Sequence alignment of CFP-10 (bottom) and ESAT-6 (bottom) homologs. The alignment was prepared with ClustalW and colored using BOXSHADE. Secondary structure elements are represented by sinusoidal lines representing α-helices with 310-helices represented by the lighter color. Disordered or missing regions of the structure are represented by black lines. The position of the hinge loop in EsxS (residues 41–46) is indicated as are the salt bridges formed between EsxS domains (red triangles, Arg26-Asp70; black triangles, Glu33-His55) and the intermolecular salt bridge formed between EsxS Lys21 and EsxR Glu35 (blue triangles). Residues involved in the intermolecular interface are designated by black circles. From the structure presented here and from the high conservation in residues 41–46 (this figure) we can speculate that the EsxGH complex will also be capable of domain swapping.

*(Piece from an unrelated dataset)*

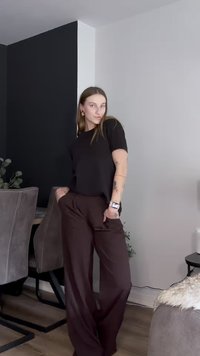 Top nero a maniche corte abbinato a pantaloni ampi marroni. L'outfit ha una vestibilità comoda e il modello è ritratto con le mani nelle tasche.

The secondary structure of the M. tuberculosis EsxGH complex, which is closely related to EsxRS, has recently been determined.35 The EsxGH complex is a 1:1 heterodimer of the Rv0287 (EsxG) and Rv0288 (EsxH) gene products and each subunit contains two α-helices (EsxG: α1, residues F18–F42 and α2, residues A49–L76; EsxH: α1, residues A19–A38, and α2, residues Y51–M81). The high degree of sequence homology between EsxGH and EsxRS, EsxG and EsxH are 91.8 and 84.4 percent identical to EsxS and EsxR, respectively, is reflected in the conservation and position of α-helical elements in the two structures (Fig. 4). The only significant variation between the secondary structure elements of the EsxRS and EsxGH complexes is that residues His43-Ser48 of EsxG lack ordered secondary structure while the corresponding region in EsxS adopts an α-helical conformation. A recent study of the EsxGH complex concluded that it was more stable than EsxAB, most likely as the result of increased surface area involved in protein-protein interactions or the presence of additional salt bridges.19 The authors predicted that EsxGH is stabilized by two intermolecular bridges: EsxG-Lys21 to EsxH-Glu31 and EsxG Lys64 to EsxH-Asp64. The EsxRS structure is stabilized by a single salt bridge (EsxR-Lys21 to EsxS-Glu35) although the residues predicted to form salt bridges in EsxGH are conserved in EsxRS. While these amino acid pairs do not form salt bridges in EsxRS, they are in close proximity and subtle variations between the EsxRS and EsxGH structures may allow these residues to form salt bridges in EsxGH. Completion of the EsxGH NMR structure and a detailed comparison of these highly homologous structures will allow these questions to be answered.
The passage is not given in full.